Recommendations in Vietnam

Here are some recommendations on places in Vietnam, from a trip my wife and I took April 28-May 12, ’05.

We found three good eating places in HANOI.

At the Cyclo Bar restaurant and garden (38 Duong Thanh Street), you sit on barely converted cyclos (3-wheeled bicycles that carry passengers). The food is Vietnamese with a strong French flavor. Figure about $5 for a beautiful steak.

Under the same management is the Green Tangerine (48 Hang Be), where we dined the following evening. This restaurant is a beautifully converted old French house. With a menu similar to that of the cyclo bar, it had the same young French chef, Stephane Yvan (his business card had both restaurants’ names on it). Mme Chirac, wife of the French president, prefers the Green Tangerine; she was photographed with the chef.

Another eating place we enjoyed was the Little Hanoi, a little downmarket from the others but popular with the older Europeans. We had enormous sandwiches, chicken and salad plus two soft drinks for 80,000 dong (near $5), but there were fuller meals on the menu for not much more.

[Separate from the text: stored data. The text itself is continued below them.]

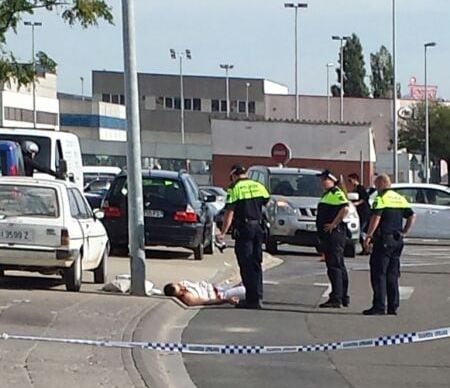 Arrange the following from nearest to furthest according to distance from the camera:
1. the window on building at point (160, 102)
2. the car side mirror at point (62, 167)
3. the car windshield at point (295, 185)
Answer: the car side mirror at point (62, 167)
the car windshield at point (295, 185)
the window on building at point (160, 102)

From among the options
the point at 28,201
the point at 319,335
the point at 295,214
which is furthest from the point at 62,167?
the point at 319,335

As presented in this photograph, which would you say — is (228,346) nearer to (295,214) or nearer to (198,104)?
(295,214)

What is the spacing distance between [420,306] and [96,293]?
4345 mm

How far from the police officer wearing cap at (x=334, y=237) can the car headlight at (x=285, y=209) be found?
381 inches

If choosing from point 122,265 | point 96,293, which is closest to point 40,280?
point 96,293

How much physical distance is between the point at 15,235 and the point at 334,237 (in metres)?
4.12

If you still have that book you bought to read on the plane, get down to The Book Exchange (35 Hang Giay Street, Hanoi) — a tremendous selection at rock-bottom prices.

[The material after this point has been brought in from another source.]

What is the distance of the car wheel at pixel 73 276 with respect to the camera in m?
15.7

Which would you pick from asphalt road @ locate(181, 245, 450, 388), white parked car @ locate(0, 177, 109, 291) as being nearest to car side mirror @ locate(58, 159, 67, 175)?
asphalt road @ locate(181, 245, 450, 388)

I bought a book by American historian Barbara Tuchman, first published in 1957 and about 500 pages long, for 60,000 dong ($4). My wife bought “Memoirs of a Geisha” for about the same price. They had two floor-to-ceiling shelves eight meters long, at least, the vast majority in English.

In HOI AN, try the cookery classes at Hai’s Scout Café. For 100,000 dong ($6), you get a hands-on cookery lesson and the full meal (www.visithoian.com).

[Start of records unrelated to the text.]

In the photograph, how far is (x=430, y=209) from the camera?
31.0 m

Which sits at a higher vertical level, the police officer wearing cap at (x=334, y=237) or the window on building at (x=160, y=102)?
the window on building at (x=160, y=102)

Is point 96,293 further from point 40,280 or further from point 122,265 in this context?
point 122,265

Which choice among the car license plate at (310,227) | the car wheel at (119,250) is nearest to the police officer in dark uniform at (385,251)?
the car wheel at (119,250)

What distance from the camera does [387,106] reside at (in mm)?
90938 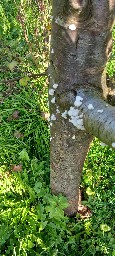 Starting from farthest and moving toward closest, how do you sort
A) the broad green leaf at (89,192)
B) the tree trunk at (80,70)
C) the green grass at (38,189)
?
the broad green leaf at (89,192), the green grass at (38,189), the tree trunk at (80,70)

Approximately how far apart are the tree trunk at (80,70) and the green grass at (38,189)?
446 millimetres

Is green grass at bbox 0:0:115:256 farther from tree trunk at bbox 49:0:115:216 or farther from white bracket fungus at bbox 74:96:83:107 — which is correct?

We stayed at the Cua Dai Hotel (www.hoianhospitality.com) — downmarket, perhaps. $25 for two, breakfast included. We really enjoyed sitting on the rattan chairs on the balcony sipping the free tea, available 24 hours a day. Really friendly staff.

While you are in Hoi An, you may wish to buy a ticket ($5) to visit the Old Town; there are ticket kiosks all over town. It gives you admission to five of the following: three museums, four old houses, three assembly halls, a traditional music concert, a handicraft workshop and the Japanese Bridge. You can buy as many tickets as you wish and thus see them all! The money goes to maintain this UNESCO World (Cultural) Heritage Site — a real haven of peace, I assure you!

You might also like to take a trip to MY SON, another World Heritage Site. Admission is 60,000 dong. It is best to be there at opening time, 6:30 a.m. You will be almost on your own and avoid the heat of the day.

At My Son you can see, in a luxuriant jungle setting, some magnificent Hindu temples built by the ancient Champa people. Some of the temples were destroyed in the war of 30-odd years ago, but what remains is worth the early start.

In HUE, there’s the Citadel, of course. Much of the surrounding area was destroyed in the war. But you can also take a trip up/down the Perfume River to visit temples and palaces — a trip not to be missed. For one temple visit, a final stage had to be taken on the back of a motorbike.

We do so agree with ITN reader Ted Mullet (June ’05, pg. 36). The Vietnamese are so friendly — as well as helpful and charming.